What you will do -
Every record that follows must be given again exactly.

BEGIN Provided records

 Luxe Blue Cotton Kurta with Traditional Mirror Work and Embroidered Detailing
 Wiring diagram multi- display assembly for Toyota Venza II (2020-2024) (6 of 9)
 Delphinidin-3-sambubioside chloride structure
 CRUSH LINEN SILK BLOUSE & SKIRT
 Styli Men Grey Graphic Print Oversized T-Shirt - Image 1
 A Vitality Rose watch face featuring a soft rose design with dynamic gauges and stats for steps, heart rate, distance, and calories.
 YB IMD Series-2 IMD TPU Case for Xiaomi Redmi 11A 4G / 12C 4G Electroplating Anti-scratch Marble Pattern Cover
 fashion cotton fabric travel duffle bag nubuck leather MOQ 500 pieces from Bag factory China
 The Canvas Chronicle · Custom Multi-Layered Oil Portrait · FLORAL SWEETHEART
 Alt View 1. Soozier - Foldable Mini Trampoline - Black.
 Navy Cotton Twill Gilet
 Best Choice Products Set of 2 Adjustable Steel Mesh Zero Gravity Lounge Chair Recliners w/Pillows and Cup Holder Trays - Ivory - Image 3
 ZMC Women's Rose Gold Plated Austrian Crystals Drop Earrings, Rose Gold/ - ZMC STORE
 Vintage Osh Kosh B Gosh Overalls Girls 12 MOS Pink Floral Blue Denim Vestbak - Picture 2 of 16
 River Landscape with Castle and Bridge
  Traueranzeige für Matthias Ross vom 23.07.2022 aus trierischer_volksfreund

END Provided records

Answer below -
 Luxe Blue Cotton Kurta with Traditional Mirror Work and Embroidered Detailing
 Wiring diagram multi- display assembly for Toyota Venza II (2020-2024) (6 of 9)
 Delphinidin-3-sambubioside chloride structure
 CRUSH LINEN SILK BLOUSE & SKIRT
 Styli Men Grey Graphic Print Oversized T-Shirt - Image 1
 A Vitality Rose watch face featuring a soft rose design with dynamic gauges and stats for steps, heart rate, distance, and calories.
 YB IMD Series-2 IMD TPU Case for Xiaomi Redmi 11A 4G / 12C 4G Electroplating Anti-scratch Marble Pattern Cover
 fashion cotton fabric travel duffle bag nubuck leather MOQ 500 pieces from Bag factory China
 The Canvas Chronicle · Custom Multi-Layered Oil Portrait · FLORAL SWEETHEART
 Alt View 1. Soozier - Foldable Mini Trampoline - Black.
 Navy Cotton Twill Gilet
 Best Choice Products Set of 2 Adjustable Steel Mesh Zero Gravity Lounge Chair Recliners w/Pillows and Cup Holder Trays - Ivory - Image 3
 ZMC Women's Rose Gold Plated Austrian Crystals Drop Earrings, Rose Gold/ - ZMC STORE
 Vintage Osh Kosh B Gosh Overalls Girls 12 MOS Pink Floral Blue Denim Vestbak - Picture 2 of 16
 River Landscape with Castle and Bridge
  Traueranzeige für Matthias Ross vom 23.07.2022 aus trierischer_volksfreund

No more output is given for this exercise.